“In the Shadow of Paul Bunyan is a counter-history of the midwest’s favorite lumberjack constructed from a wide assemblage of archival materials, including forgotten cartoons, decaying educational films, rotting theatre snipes, abandoned home movies, obscure historical documents, rarely seen film from the 1939 Bemidji Winter Carnival and original 16mm footage.
In The Shadow of Paul Bunyan tells the story of how the famous lumberjack and his big blue ox became the de-facto protagonists in Minnesota’s creation story. At the same time, it spans the unresolved histories of conquest and conflict that exist in Paul Bunyan’s shadow.
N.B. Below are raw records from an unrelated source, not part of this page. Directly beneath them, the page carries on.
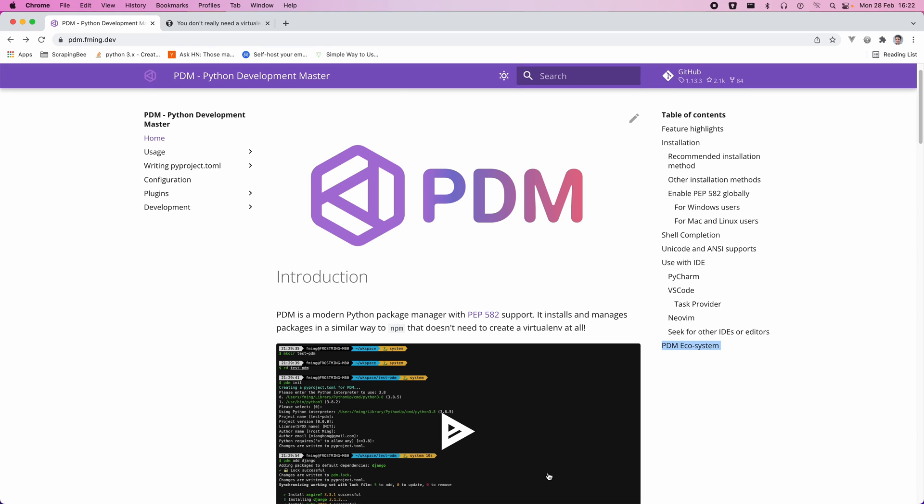Hi everyone, Ian here, and in this video I'm going to be talking about how you can use PDM, which is the Python Development Master, for managing packages for your Python applications, and how it differs from other Python package management tools like pipenv and poetry.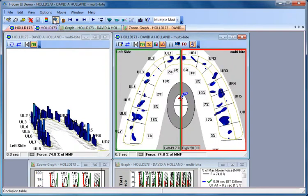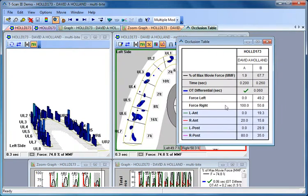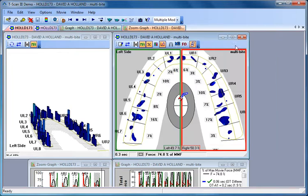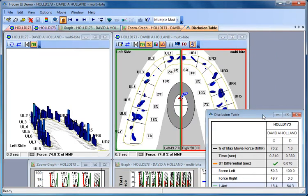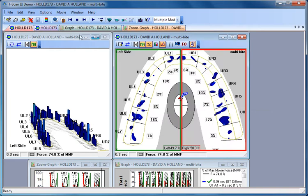So that's still there, and obviously the occlusion time information is still there. It's not relevant because this is just a multibyte table, but the disclusion time table is still available to us.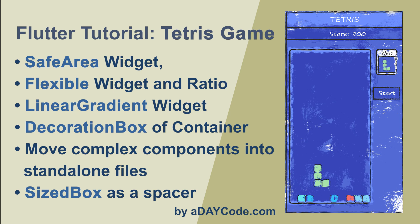Hello everybody, welcome back to aDAYCode.com. If you haven't subscribed to my channel, you may click the subscribe button. In this tutorial, you'll learn some Flutter knowledge by making another famous game called Tetris. We are going to make the game layout first.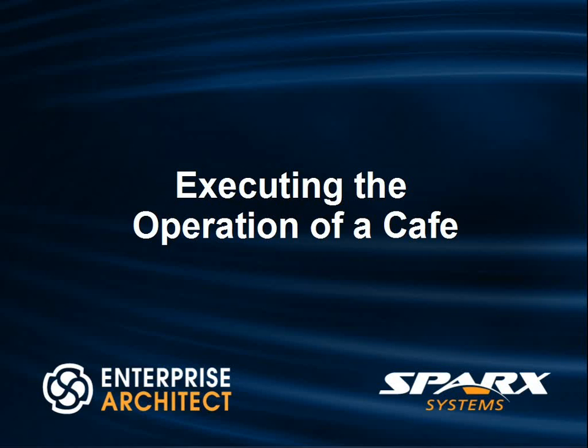Hi, my name is Scott Hebbard from Spark Systems and today I'll show how Enterprise Architect executes the operation of a cafe.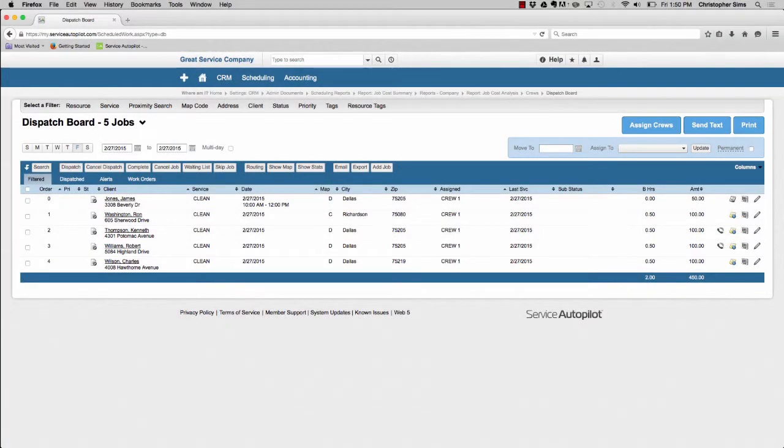If for whatever reason you need to make a crew, an employee, or a vendor inactive, Service Autopilot will now prompt you to reassign all of the jobs that are currently assigned to that employee or to that crew.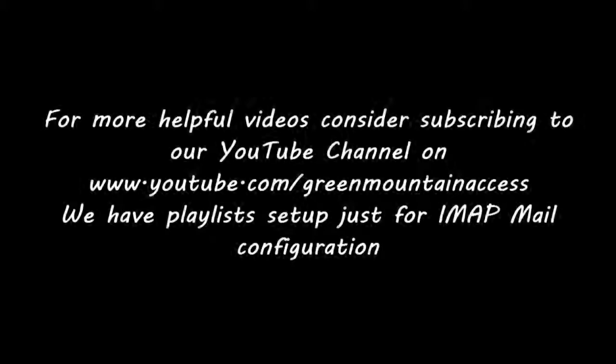For more helpful videos, consider subscribing to us on our YouTube channel.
This is the hidden part of Paul Bunyan – the stories of the labor strife and indigenous displacement that are hidden within the reassuring myth of the jolly logger. Filmmaker Nik Nerburn criss-crosses both real and imagined the landscapes of this folkloric fugitive, from their humble origins as a joke bandied around lumber camps and their lives as enduring advertising icons all the way to their mythic roadside entombment in fiberglass. In the Shadow of Paul Bunyan is a deeply personal expedition into the hidden corners of the land we call Minnesota.” TRT 38:06. An excerpt can be watched below.
With accompanying PAUL BUNYAN ZINE and other EPHEMERA for sale!
Also screening are two of Georg Koszulinski’s Frontier Journals, personal essay videos that explore conceptions of the frontier.
“Frontier Journals 1, Mythologies of the Conquerors (2013), considers animatronic
“Indians” in South Dakota, performances of displaced ancient traditions as
reimagined through colonialist fantasies of indigeneity, and mass pilgrimages to
sacred sights of power and spectacle as tourists flock to Mount Rushmore. TRT 7:00.”
“Frontier Journal 3, Aztec Baldwin Collage (2014), encounters the found footage filmmaker, Craig
Baldwin—an influential media-collage artist who repurposes found images to
challenge the dominant representations of indigenous peoples. TRT 9:00.”
With filmmakers IN PERSON!
About the filmmakers: Nik Nerburn is a research-based storyteller, experimental historian, filmmaker and zine maker who graduated from The Evergreen State College in Olympia, Washington. He currently lives in Atlanta, GA. His work often involves essayistic interventions in archival materials to explore regional histories, focusing on stories that stand at the intersection of power, memory, nostalgia and place.
Georg Koszulinski is an award-winning filmmaker and educator who has directed over twenty-five films, ranging from documentary and narrative features to avant-garde films and videos. The documentary, Cracker Crazy (2007), explores the history of slavery and exploitation in Florida from first European contact to the present day. The film earned numerous festival awards and was nominated for a Notable Video of the Year by the American Library Association. Immokalee U.S.A. (2008) documents the experiences of migrant farm laborers working in the U.S.A. and was widely programmed at film festivals and universities. The Documentary Channel acquired both films in 2009.